El macroproceso por los atentados terroristas del 13 de noviembre de 2015 en París ha mostrado la profunda quiebra generacional que existe en el mundo del islam
Decía Gilles Deleuze que los conceptos, las herramientas de las que se sirve la filosofía para llegar a la verdad de las cosas, no eran de una pieza sino que ofrecían más bien un mapa de circunstancias. Para entender lo que pasa es necesario levantar ese territorio donde actúan fuerzas diferentes y contradictorias y hacerse cargo de la complejidad de cuanto ocurre. Lo que ha sucedido en el Palacio de Justicia de la capital francesa durante los 10 meses que ha durado el macroproceso por los atentados islamistas del 13 noviembre de 2015 en París y Saint Denis ha sido justo eso: convocar a cuantos habían sido sacudidos por aquella brutalidad y buscar entre todos la verdad. No solo la judicial, también la otra: ¿cómo se ha acumulado tanto odio y por qué?, ¿qué es el mal, cómo se manifiesta?, ¿qué significa la muerte, qué peso tiene en nuestras sociedades? Ahí estuvieron verdugos, víctimas, abogados defensores, fiscales, cada uno de ellos con su historia detrás, con sus heridas, con su versión de los hechos, con sus argumentos a favor y en contra, y con sus estrategias para construir el relato que favoreciera sus objetivos.
En el trabajo que ha hecho Emmanuel Carrère para contar lo que ha sucedido durante ese tiempo en el tribunal francés, y que se ha recogido puntualmente en este periódico, se ha servido de la finura de un bisturí para ir separando una capa tras de otra de cuanto se contaba con el afán de acceder así a cada minúsculo rincón de los hechos y descubrir sus zonas oscuras o encontrar, a veces, algunos puntos luminosos. En su última entrega comentaba que en la sala del juicio se había desarrollado algo sagrado. Realizaron una larga travesía por un paisaje devastado por el sufrimiento y la sinrazón y salieron de alguna manera transformados.

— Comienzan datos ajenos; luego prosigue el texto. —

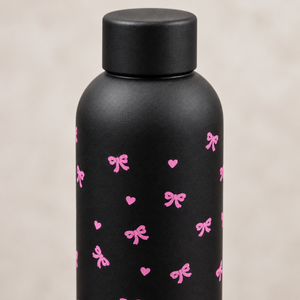 Borraccia nera con fiocchi rosa – Immagine 2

Como no podía ser de otra manera, se habló en el juicio de padres e hijos. En diciembre compareció Azdyne, un hombre poco religioso y que no es pobre, y que incluso alguna vez, contó Carrère, llegó a disfrazarse de Papa Noel en Navidad. Su hijo quedó pulverizado tras estallar el cinturón de explosivos que llevaba encima en la sala Bataclan, justo en el mismo momento en que el padre veía por televisión el partido de fútbol entre Alemania y Francia. Samy Amimour había sido un “adolescente triste” y pronto empezó a radicalizarse, escuchaba por internet a los predicadores salafistas, defendía su conversión al islam y, en otoño de 2013, se fue a Siria. Se afilió a Jabhat al-Nusra, la filial que tiene allí Al Qaeda. Un día, cuando sus padres conectaron con él por Skype, vieron detrás del chico una hilera de kaláshnikov. Azdyne decidió viajar allí para traérselo de regreso.

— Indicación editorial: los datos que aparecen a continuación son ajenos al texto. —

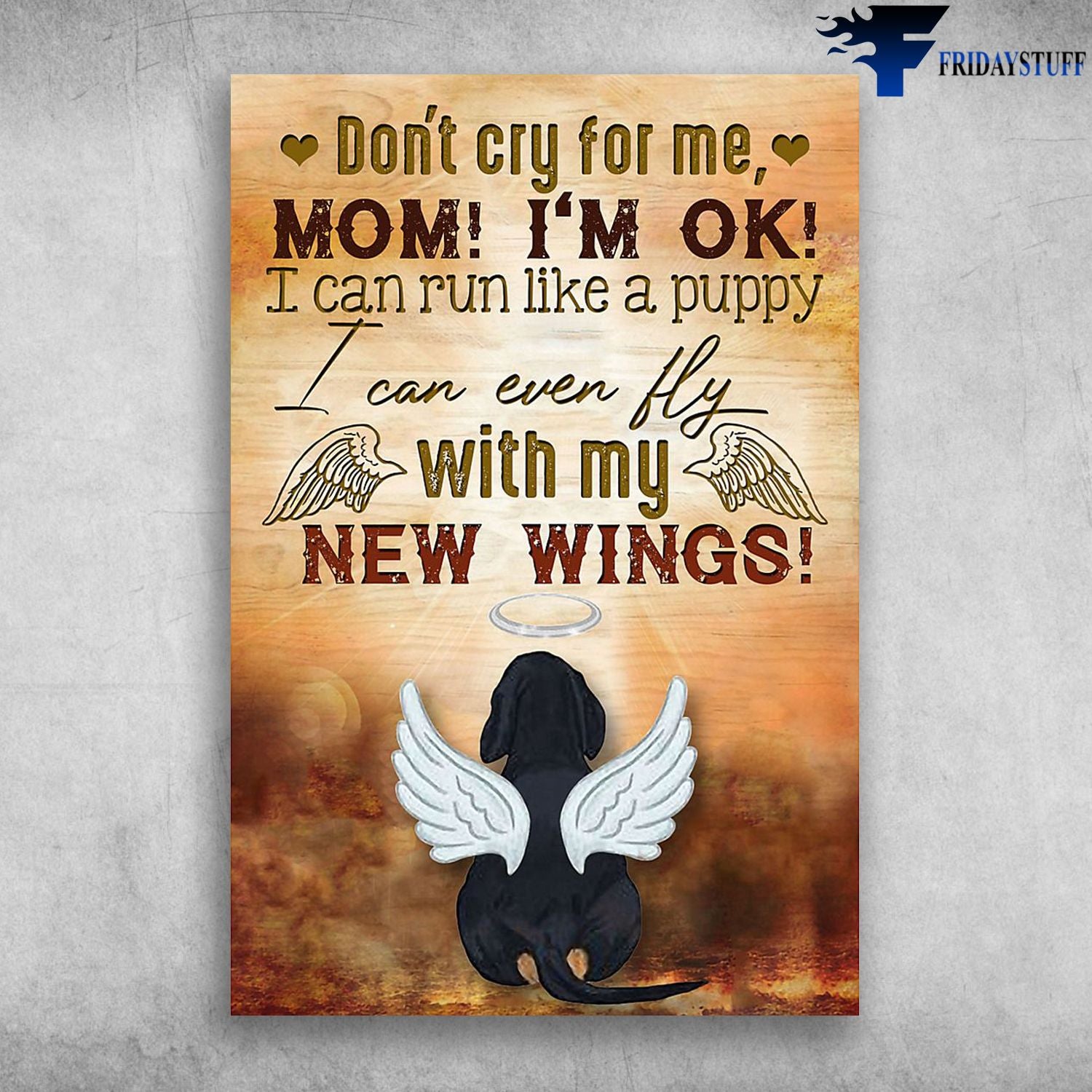 Angel Dog I Can Run Like A Puppy I Can Even Fly With My New Wings Canvas Christmas Gift Ideas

Dice Carrère que se da por hecho que “los hijos no son responsables de los crímenes de los padres”. Si un hijo se convierte en un asesino, en cambio, “sospechamos que su familia tiene algo que ver”. Carrère observa que los testimonios de Azdyne fueron un poco contradictorios, pero destaca un momento decisivo, el encuentro del padre “en el pedregal sirio con el glacial Samy, que camina con muletas y se ha pasado definitivamente al otro bando”. No pudo hacer nada. En la última imagen que les llegó a aquellos padres de su hijo, aparecía riéndose mientras decapitaba a un prisionero en un vídeo reivindicativo del Estado Islámico. Padres, hijos, el embrollo de la familia y la culpabilidad: no se puede ni siquiera imaginar la hondura del desgarro.